Photo above: Ricardo Guardia Vazquez with his huge South American whitetail, taken in Venezuela.

The white-tailed deer is considered a quintessential North American game animal; its antlers are unique and have a distinct main beam from which tines mostly grow upward, a configuration not seen in any other deer species, and together with their cousin the mule deer, they form a unique genus in the deer family of the world.  Everybody knows they occur in Canada, the continental US, and northern Mexico, but fewer people realize that they are found throughout Mexico and from there into Central America. Whitetail populations are also known to extend all the way into northern Bolivia, thousands of miles south of the US border. Some authorities claim they can be found well into Brazil as far south as the Argentinean border, but this is not widely accepted.
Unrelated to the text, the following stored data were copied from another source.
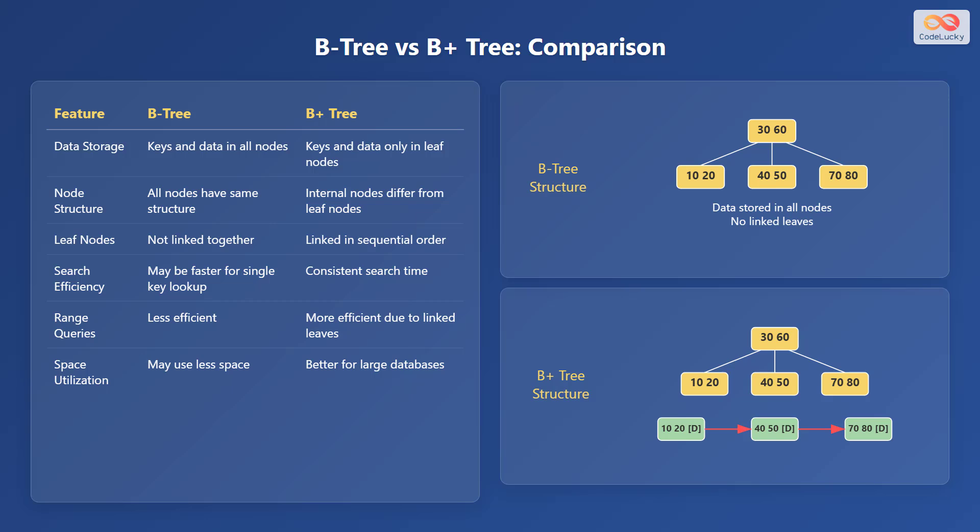When it comes to range queries, B-trees are less efficient, while B-plus trees are more efficient due to their linked leaves. Finally, B-trees may use less space, but B-plus trees offer better space utilization for large databases.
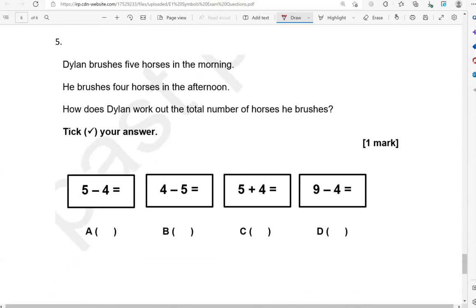Didion brushes five horses in the morning and four horses in the afternoon. How does Didion work out the total number of horses he brushes? Total means adding the morning ones and the afternoon ones. So we've got five and four — that's option C. The rest of the options are not correct. And this is the end of the questions.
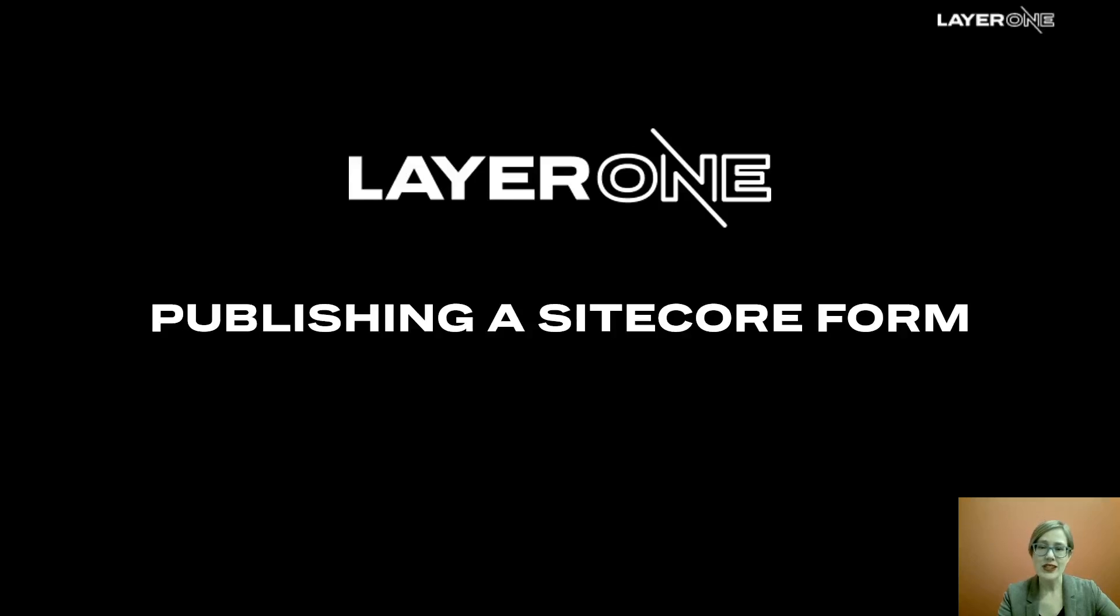Hey there, folks. This is Felicity with Layer One. I am here to talk to you today about publishing a Sitecore form.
Very little is known to North American hunters about the “tropical whitetail,” which is a catchall phrase applied to all whitetails from southern Mexico to central South America. They are smaller in body and antler size than the more Northern populations, but the exact number of subspecies is in dispute. South America is unique in that is has two distinctly isolated populations: one along its northern West Coast close to the Pacific, and another that runs parallel to the first but more inland and at higher elevations. Elsewhere, whitetails are more or less found in a continuous population from northern Brazil all the way to the Yukon.

Rowland Ward recognizes four categories of white tailed deer; North American, Coues, Central American, and South American.  Since so little is known about the more southern races, this seems to be a sensible division at this point in time. 

Recently Rowland Ward received a tremendous entry from Venezuela by Ricardo Guardia Vazquez for a South American white-tailed deer that shattered the previous record. With main beams of 16 1/8 and 13 inches and an inside spread of 12 3/8, this deer does not seem very big to a Canadian hunter albeit a Coues deer nimrod would consider it a respectable buck.  However, in South America, this is a top head and, in fact, the biggest ever recorded in Rowland Ward. The typical frame on this buck is a 3×3 with a non-typical point on the right side for a total score of 97 3/8.